Camp is the ultimate gift for a child; it gives kids the ability to be free and explore athletic, creative, and social outlets in the most nurturing and accepting of environments. Essentially, it's a place where kids can be kids, and the healing that results from this type of environment extend to those who work with the campers as well.
This past summer I decided, on a whim, to give camp counseling a try. I'm a college student without a declared major and a big, ambiguous future ahead of me. I know I'm not the only one who fits this description, and because of my current circumstances, camp entered my life at the perfect time. I found a sense of purpose and direction, and I wasn't even looking for it.
So what can camp do for you?
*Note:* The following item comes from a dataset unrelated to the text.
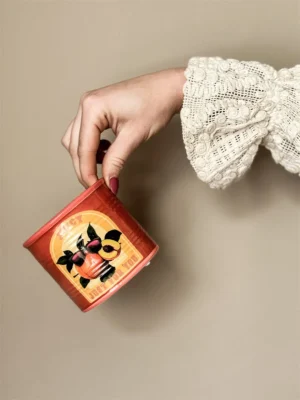Aardewerk bloempot perzik 9,7x9,7x9,6cm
The list of positives is lengthy, and honestly very individual, but there is no way you can work with kids at camp for a summer and not walk away a better person.
The level of camaraderie among a camp staff is unmatched, because the environment is so unique and tight-knit. It's a special breed of people that choose to work at summer camps, and their perspectives on life and personal values are refreshing in an age of cheap scams and greedy motives.
In a way, camp lets its employees be young again, and embrace a childlike mentality that grounds you in a time of such pressing demands. Simultaneously, a camp counselor is given an enormous amount of responsibility by being in charge of groups of young children, and ensuring overall safety and well-being.
This level of responsibility helps an emerging adult feel mature and capable of rising to a high standard, which in turn increases self-confidence. A summer as a camp counselor is exhausting, and the pay is low, but at this stage in life, that's generally manageable.
It's also a full-time job, unlike many other typical college jobs, and scheduling around a full-time schedule is an important life skill. The counselors become masters of social interaction, since the job demands you to connect with kids, peers, supervisors, and of course, parents.
It stretches you creatively, keeping you on yours toes since every day is a new adventure and the plans are always changing. Camp counselors are given numerous opportunities to teach, listen, support, mediate, aid, lead, and make critical decisions. There is no career that doesn't implement these skills, meaning there is no person who would be wasting their time by spending a summer at camp.
So go back to your glory days, put on that tie-dye t-shirt, and begin making a difference in children's lives. The rewards are immeasurable, and the experience of a summer spent at camp will sharpen the skills you need for your career -- even if you have no idea what that might be yet.